Si tratta del celeberrimo Pater Noster
di Igor Stravinsky.
Erano anni che avevo in animo di tentare di eseguire con il nostro
coro un brano così impegnativo e così distante dalla classicità del nostro
repertorio di canti di ispirazione popolare, ma, una serie di dubbi mi avevano
sempre trattenuto dal farlo.
Il primo dubbio che mi assillava era su come avrebbero reagito i
coristi a questa musicalità e sonorità così distanti dalla nostra tradizione,
perché è assodato che se il nostro coro, non sente
un brano, per quanto valido possa essere, non si riesce ad acquisirlo. Nel
corso degli anni, e questo lo sanno bene tutti i coristi passati e presenti, è
accaduto molte volte.
Un altro dubbio riguardava la capacità del coro, come diceva Lucio a
proposito del Puer natus,
a togliersi
il cappello di alpino ed indossare mentalmente il saio
che, tradotto in altre parole, sta a significare la capacità di cambiare
totalmente gli schemi esecutivi ed interpretativi. Di non poco conto erano le
difficoltà tecniche rappresentate in alcuni punti da dissonanze e successioni
di accidenti musicali.
L'ultimo riguardava me stesso; sarei riuscito a tradurre attraverso
la gestualità e le indicazioni tecniche tutto quanto necessario per eseguire in
modo adeguato tale brano?
Ed una sera di fine maggio, quasi al termine della prova, ho
lanciato il sasso. Ho proposto la lettura delle prime quattro battute del
brano: Pater
noster qui es in coelis dalle quali emerge
immediatamente tutta la moderna musicalità del brano.
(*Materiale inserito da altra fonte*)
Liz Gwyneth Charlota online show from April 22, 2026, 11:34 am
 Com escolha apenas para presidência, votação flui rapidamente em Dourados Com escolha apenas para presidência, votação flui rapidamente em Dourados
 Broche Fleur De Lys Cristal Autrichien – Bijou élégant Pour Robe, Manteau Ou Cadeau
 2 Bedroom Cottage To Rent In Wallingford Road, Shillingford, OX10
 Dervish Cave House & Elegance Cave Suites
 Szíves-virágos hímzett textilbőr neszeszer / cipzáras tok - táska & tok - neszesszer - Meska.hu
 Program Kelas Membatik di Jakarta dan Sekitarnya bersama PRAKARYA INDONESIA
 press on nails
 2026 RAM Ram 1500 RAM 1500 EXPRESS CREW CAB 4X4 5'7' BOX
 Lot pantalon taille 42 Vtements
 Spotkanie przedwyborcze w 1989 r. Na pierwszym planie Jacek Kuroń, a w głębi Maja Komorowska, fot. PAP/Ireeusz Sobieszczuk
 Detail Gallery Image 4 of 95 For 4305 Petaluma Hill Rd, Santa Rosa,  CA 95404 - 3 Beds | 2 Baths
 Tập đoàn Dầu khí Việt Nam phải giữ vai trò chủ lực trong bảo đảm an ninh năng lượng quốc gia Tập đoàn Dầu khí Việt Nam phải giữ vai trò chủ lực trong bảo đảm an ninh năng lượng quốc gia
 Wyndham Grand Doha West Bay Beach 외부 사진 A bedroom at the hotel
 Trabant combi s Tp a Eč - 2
Direi che, quasi come per incanto, i coristi sono rimasti
affascinati dalle sonorità e dalla musicalità del brano, e questo mi ha
convinto a proseguire nello studio del brano.
La lettura e l'apprendimento del brano è stata molto veloce, sintomo
questo di un notevole gradimento.
Conclusa l'acquisizione del brano, risultava fondamentale curarne
l'esecuzione e l'interpretazione.
Ho spiegato ai coristi che Stravinsky possedeva una forte personalità
ed uno stile molto originale legati alla capacità di reinterpretare e
rielaborare la musica tradizionale.
In questo caso, il Pater noster tratto
dalla tradizione gregoriana, pur essendo stato così modernamente rielaborato, a
mio giudizio, andava eseguito rispettando la metrica del testo tipica del canto
gregoriano con il massimo controllo dell'emissione sonora, la massima fusione
tra le varie voci ed una dinamica musicale che non poteva rimanere vincolata
nella metrica delle battute.
Abbiamo lavorato molto, ed alla fine ci siamo presentati al
pubblico. Saremo riusciti nel nostro intento? Al nostro pubblico la risposta.
A conclusione di tutto quanto sopra voglio esprimere a tutti i
coristi il mio ringraziamento per l'impegno e partecipazione dimostrata.